Cloud Computing and Advanced Relationship Analytics

Bookmark and Share

There is a wealth of information, connections and relationships within the terabytes and petabytes of data being collected by organizations on distributed cloud platforms. Utilizing these complex, multi-dimensional relationships will be the key to developing systems to perform advanced relationship analysis. From predictive analytics to the next generation of business intelligence, "walking" the social and professional graphs will be critical to the success of these endeavors.

Most applications and data layers today are only capable of simple analytics, finding out who-did-what or who-bought-what. Advanced analytics yields far more knowledge at a much deeper level, understanding who, where, what, how and why - right now. 

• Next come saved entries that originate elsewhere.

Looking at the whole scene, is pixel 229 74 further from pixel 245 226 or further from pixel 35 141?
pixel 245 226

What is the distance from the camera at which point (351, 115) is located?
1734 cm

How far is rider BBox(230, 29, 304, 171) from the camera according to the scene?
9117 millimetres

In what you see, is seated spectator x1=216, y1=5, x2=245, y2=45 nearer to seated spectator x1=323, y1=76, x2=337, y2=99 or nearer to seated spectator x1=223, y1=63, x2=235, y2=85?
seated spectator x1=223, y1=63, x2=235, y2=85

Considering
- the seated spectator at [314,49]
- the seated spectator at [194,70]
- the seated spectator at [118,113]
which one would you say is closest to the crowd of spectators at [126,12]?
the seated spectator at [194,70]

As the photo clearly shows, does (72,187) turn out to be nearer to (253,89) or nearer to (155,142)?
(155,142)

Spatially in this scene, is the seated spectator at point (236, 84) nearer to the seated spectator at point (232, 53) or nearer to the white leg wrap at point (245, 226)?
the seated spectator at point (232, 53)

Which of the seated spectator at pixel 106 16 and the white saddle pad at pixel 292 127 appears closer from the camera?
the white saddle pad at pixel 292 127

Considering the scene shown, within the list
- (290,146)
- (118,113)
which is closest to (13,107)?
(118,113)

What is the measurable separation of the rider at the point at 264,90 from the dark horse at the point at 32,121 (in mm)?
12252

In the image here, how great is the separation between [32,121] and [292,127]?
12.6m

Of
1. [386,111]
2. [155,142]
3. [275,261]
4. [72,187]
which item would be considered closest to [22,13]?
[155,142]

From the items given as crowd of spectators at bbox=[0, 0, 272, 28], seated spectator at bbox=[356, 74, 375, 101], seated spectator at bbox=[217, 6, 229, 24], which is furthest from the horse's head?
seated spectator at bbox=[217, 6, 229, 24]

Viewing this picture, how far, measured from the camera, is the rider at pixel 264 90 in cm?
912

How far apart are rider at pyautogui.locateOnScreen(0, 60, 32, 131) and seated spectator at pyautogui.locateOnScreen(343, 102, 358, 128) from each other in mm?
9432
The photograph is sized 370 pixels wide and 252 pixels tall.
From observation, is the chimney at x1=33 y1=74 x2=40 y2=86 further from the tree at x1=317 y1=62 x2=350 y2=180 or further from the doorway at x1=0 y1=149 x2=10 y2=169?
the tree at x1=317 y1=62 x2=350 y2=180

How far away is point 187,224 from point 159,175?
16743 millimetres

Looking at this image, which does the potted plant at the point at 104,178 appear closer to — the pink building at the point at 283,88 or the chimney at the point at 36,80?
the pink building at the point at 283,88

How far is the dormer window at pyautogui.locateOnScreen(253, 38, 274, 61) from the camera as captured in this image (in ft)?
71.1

Google, Yahoo and other leaders in online and personalized services are looking to use complex, multi-dimensional graph data to improve everything they do - from supporting vast indexes and catalogs of content, to providing the best value and return to their advertising users. Graph technology offers a superior solution for relationship analytics requirements, enabling organizations to traverse any number and complexity of relationships in virtually any amount of distributed data, from any number of sources and types, in near real-time, and on the same commodity hardware obtained  through cloud computing platform providers.

Solve the problem.

The NoSQL (or "not only SQL") movement is defined by a simple premise: Use the solution that best suits the problem and objectives. If the data structure is more appropriately accessed through key-value pairs, then the best solution is likely a dedicated key-value pair database. If the objective is to quickly find connections within data containing objects and relationships, then the best solution is a graph database that can get results without any need for translation (Object/Relational mapping). Today's availability of numerous technologies that finally support this simple premise are helping to simplify the application environment and enable solutions that actually exceed the requirements, while also supporting performance and scalability objectives far into the future.

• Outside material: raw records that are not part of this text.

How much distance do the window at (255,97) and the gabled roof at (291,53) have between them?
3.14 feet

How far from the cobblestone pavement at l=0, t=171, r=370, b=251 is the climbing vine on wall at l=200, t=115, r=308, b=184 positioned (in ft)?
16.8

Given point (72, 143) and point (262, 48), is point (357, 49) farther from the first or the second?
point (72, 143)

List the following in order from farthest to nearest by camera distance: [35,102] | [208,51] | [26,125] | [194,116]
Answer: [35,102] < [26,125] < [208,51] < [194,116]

Cloud computing has adopted a broad variety of NoSQL technologies to support these leading-edge requirements. By using solutions designed to support specific tasks and requirements, organizations can more easily achieve often significant reductions in complexity and costs associated with their systems. And by using more targeted and capable components, these systems are also able to achieve even greater levels of performance and scalability.

Graph databases may be the most important part of the No SQL movement.

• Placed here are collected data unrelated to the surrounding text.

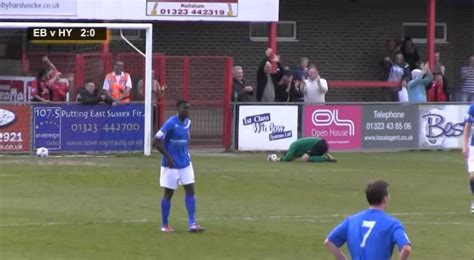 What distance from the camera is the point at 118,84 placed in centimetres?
2634

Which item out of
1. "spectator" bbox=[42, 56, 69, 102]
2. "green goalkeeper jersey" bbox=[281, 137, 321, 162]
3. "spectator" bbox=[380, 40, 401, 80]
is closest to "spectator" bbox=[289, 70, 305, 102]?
"green goalkeeper jersey" bbox=[281, 137, 321, 162]

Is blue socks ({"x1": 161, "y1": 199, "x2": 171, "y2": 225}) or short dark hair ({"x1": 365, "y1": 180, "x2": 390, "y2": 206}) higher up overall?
short dark hair ({"x1": 365, "y1": 180, "x2": 390, "y2": 206})

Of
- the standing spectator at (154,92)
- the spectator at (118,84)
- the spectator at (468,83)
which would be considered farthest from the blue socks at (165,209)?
the spectator at (468,83)

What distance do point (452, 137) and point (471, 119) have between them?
11.4 m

Graph databases typically solve problems related to complexity of data, while key-value and column-store solutions seek to address common issues encountered as data volumes grow in size. The technology can address both the complexity and scalability requirements to give users the best of both worlds, managing complex and big data.

Graph data is represented by nodes or vertices and edges, where any node could be connected to any number of other nodes via the edges between them.

Graph database technologies can support rapid traversal of these edges to get results in a matter of seconds (or less). Because the data is persisted where relationships are first class citizens, performance is no longer an issue. But when this type of work is done in a relational database or key-value environment, there are very expensive constraints and limitations to performance. And, of course, if the graph database architecture is distributed, then scalability limits are also addressed very nicely.

As social media, personalized web and advertising services, business intelligence and organizations in other spaces understand the importance of the deeper relationships within their data, their success in utilizing this information will depend on the technology. Trying to scale out graph data and relationship analysis using relational technology is simply not the answer. In addition, the complex custom code, high-end server hardware, map reduce layers, and administration overhead required to support these architectures can significantly increase costs and overhead. 

The days of compromising requirements to support centralized database server architectures or relational systems that simply aren't designed to solve some problems, are over. Today, there are other options and solutions.